Abdallah makes her own canvases from scratch, which is not common among artists. She has a carpenter cut the wood, and then she crafts her own canvas in her large workshop space. She likes to explore painting with different materials, usually using acrylic paints and knives to create a textured painting. To finish off her work she adds a layer of epoxy resin, which gives it a nice glow with a marble effect. It also gives the painting a protective layer.

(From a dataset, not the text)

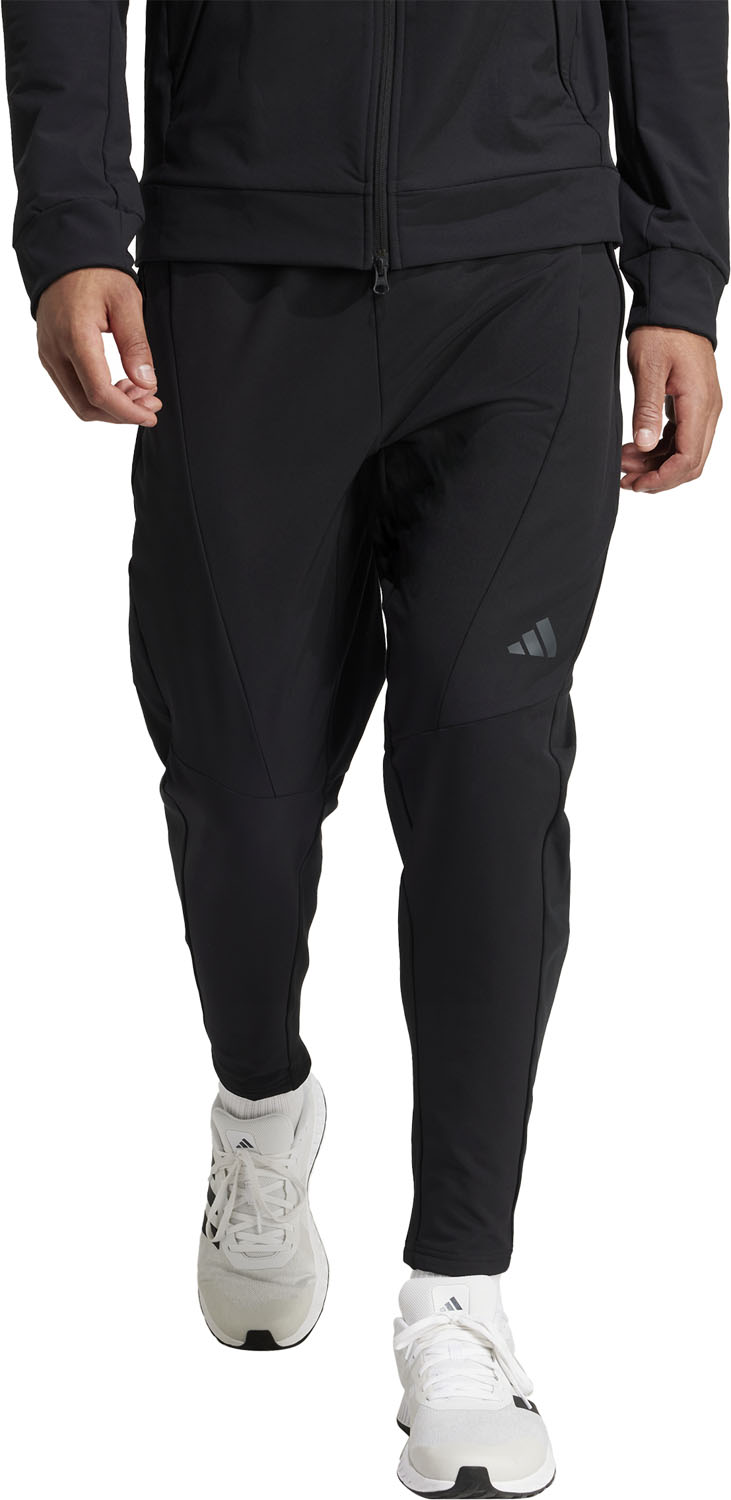 adidas アディダス メンズ　トレーニングウェア　ロングパンツ　防寒　Designed for Training COLD.RDY パンツ JTE97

Abdallah prides herself on having created a business based on merging interior design with her art. “I work with professionals in interior design, complimenting their work with my art. This has helped my business grow,” she says. With many people upgrading to larger homes these days, the interior design market in Egypt is experiencing strong growth, and she is well positioned to take advantage of that by creating unique art to fit in every new home. Interior designers send her 3D designs of the work they plan for a home, then Abdallah chooses what’s suitable for the space, whether it’s a portrait or an abstract painting, picking what would complement it best. She then sends a proposal with her ideas, including sketches. Once it’s approved, she starts working on the painting. Her use of colour is inspired by the furniture, the walls, lighting, and everything in between. She also likes to sit down with the owners to get a sense of their personality and preferences, thus creating a beautiful harmony between the painting, the interior, and the homeowner.

Abdallah considers her large studio her home, her happy place. “It’s my favourite place on earth,” she says, adding enthusiastically, “It’s where I lose myself crafting my canvas and painting. The space allows me to experiment and explore new ideas. Every portrait I make is like my baby, especially since I create it from scratch, adding to it along the way until the result is perfect.” Abdallah adds, “I truly encourage anyone going through a tough time or depression to let out their frustration through art.”